**Source information:**
---------------

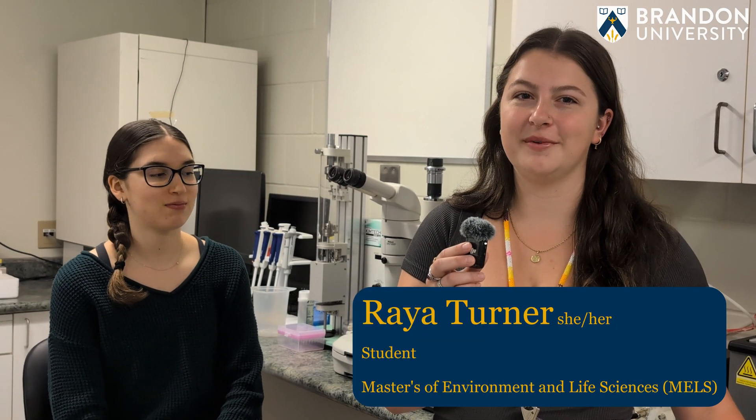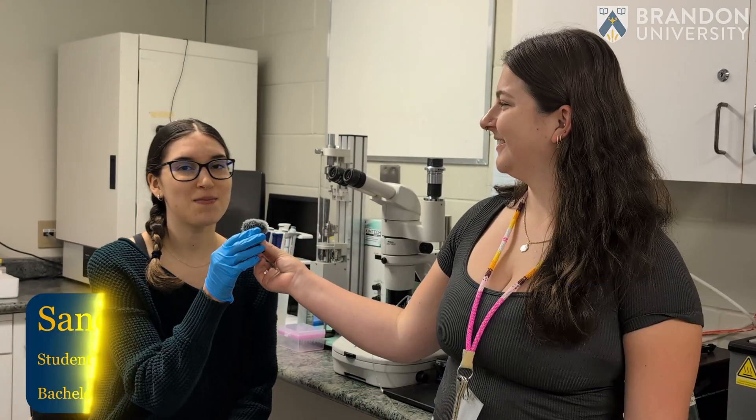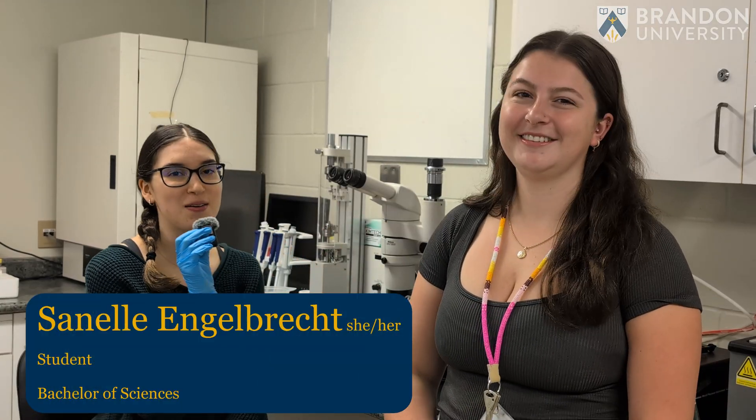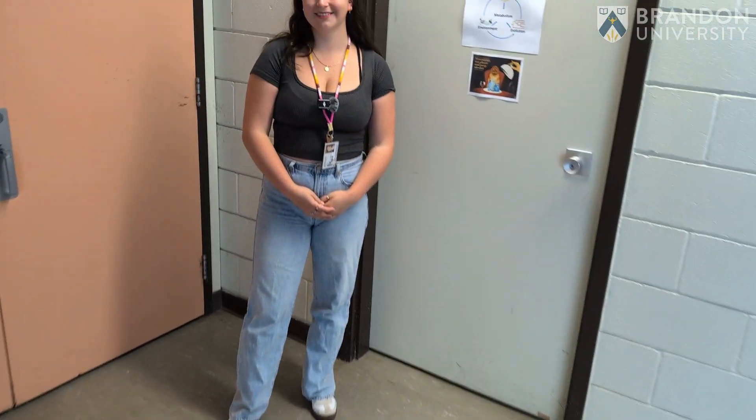My name is Rhea Turner. I'm a student in the Master of Environmental and Life Sciences program here at BU, and today I'm with Sunil Inglebred. I am going into my third year and I'm also doing my four-year bachelor's of science degree. Today we're going to give you a little mini tour of our lab and let you know about how we do some zebrafish micro injections.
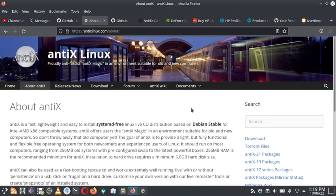Welcome back. In today's video we will do the installation of NTX 21 Linux distro. NTX is a fast, lightweight, and easy to install systemd-free Linux distro. It is based on Debian stable for Intel and AMD x86 compatible systems. It offers an NTX magic environment suitable for old and new computers, so you need not throw away your old computer — you can run NTX on it comfortably and make the old system productive again.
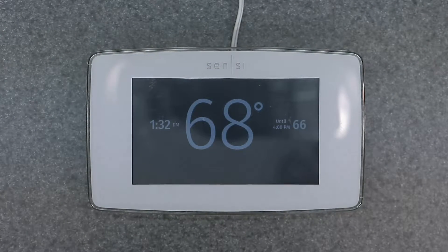Welcome to the channel. Today's video is going to be covering the Emerson Sensi ST75 digital smart thermostat — a super cool thermostat, easy to use, very intuitive. Let's get into actually showing you guys how to manually override the temperature set point.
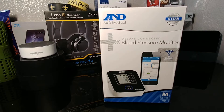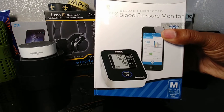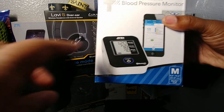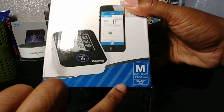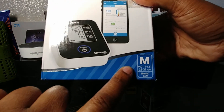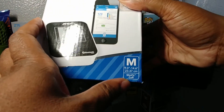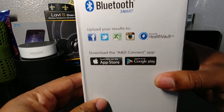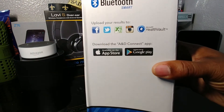Let's take a look at some of the information on the box. It's a blood pressure monitor so it's going to have the cuff and the unit, and there's an app you can download to your phone. This is the medium size slim fit cuff. On the side here you can see where you can upload your results to social media or an Excel file.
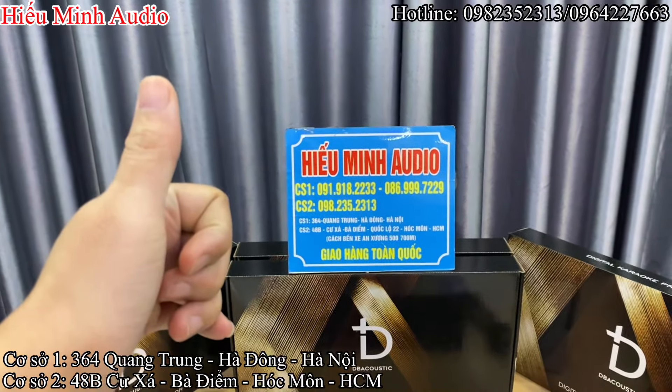Model sản phẩm là KM320 Plus. Tất nhiên rồi, hàng chính hãng thì sẽ có đầy đủ các tem check mã QR, check số điện thoại, check cả mã vạch để kích hoạt bảo hành. Cái tem này chính là cái tem để các bác check được hàng nhái, hàng giả.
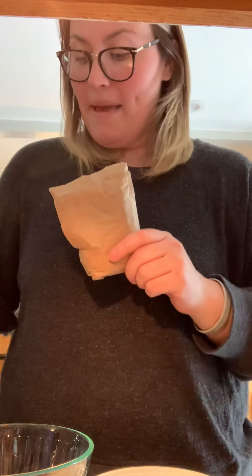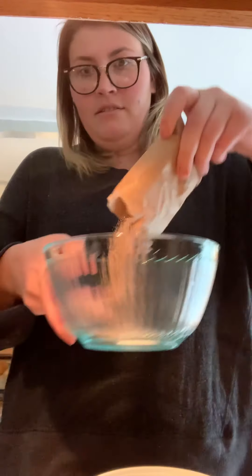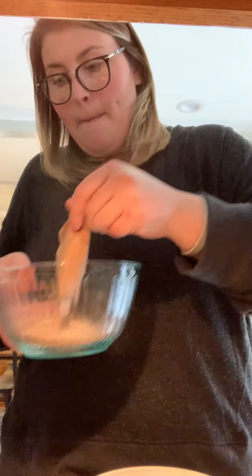Hi boys and girls, welcome back! Today we are going to make dirt and ants on a log for a snack. First we are going to make our dirt. We need chocolate pudding, and I'm going to put this in a bowl with two cups of cold milk.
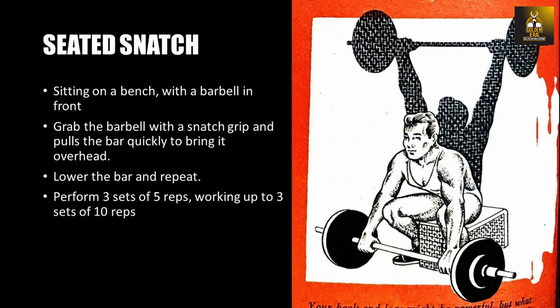Seated snatches are next. Sit on a bench with a barbell in front, grab the barbell with a snatch grip, and pull the bar quickly to bring it overhead into lockout. Lower the bar and repeat. Perform three sets of five repetitions, working up to three sets of 10 reps.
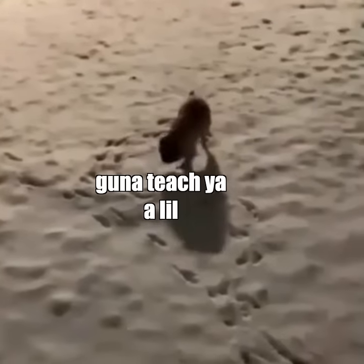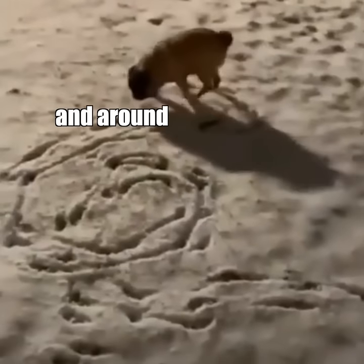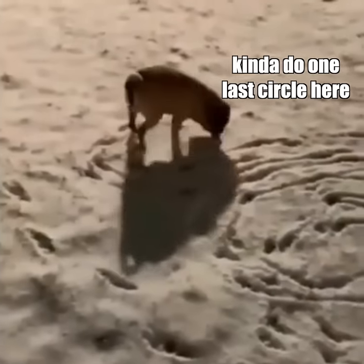All right, check this one out. I'm going to teach you a little free art lesson here. So you get the circle, and you kind of come up and around — bring it around town, I always say. And then kind of do one last circle here, and there you go.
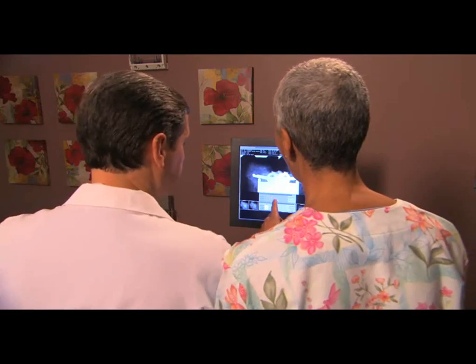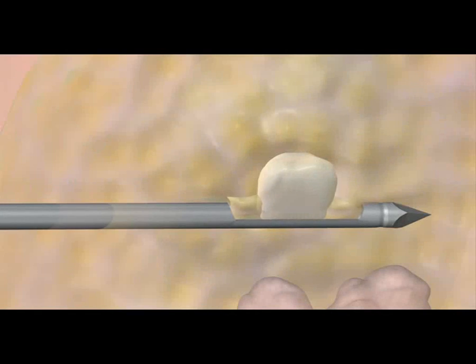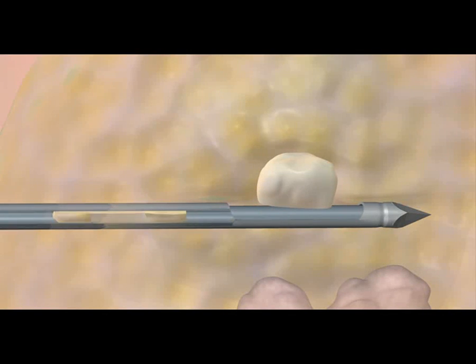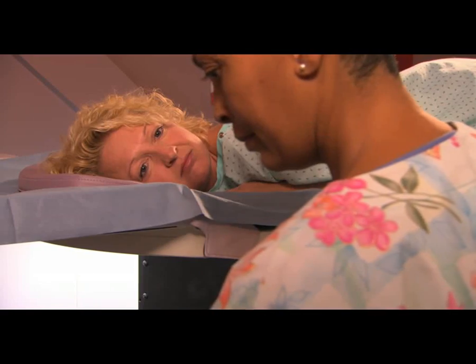They check one more set of images to make sure they've reached the area of interest. Vacuum pressure is used to take out the sample, flushing the area with fluid at the same time. They take a few samples to make sure they have enough tissue for diagnosis.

---------------

**Requirement:** Only one stretch of the data is wanted: write out exactly the lines from the one holding "Model sản phẩm" through the one holding "Hi boys and", both included, without the pictures.

**Problem solution:**
Model sản phẩm là KM320 Plus. Tất nhiên rồi, hàng chính hãng thì sẽ có đầy đủ các tem check mã QR, check số điện thoại, check cả mã vạch để kích hoạt bảo hành. Cái tem này chính là cái tem để các bác check được hàng nhái, hàng giả.
Hi boys and girls, welcome back! Today we are going to make dirt and ants on a log for a snack. First we are going to make our dirt. We need chocolate pudding, and I'm going to put this in a bowl with two cups of cold milk.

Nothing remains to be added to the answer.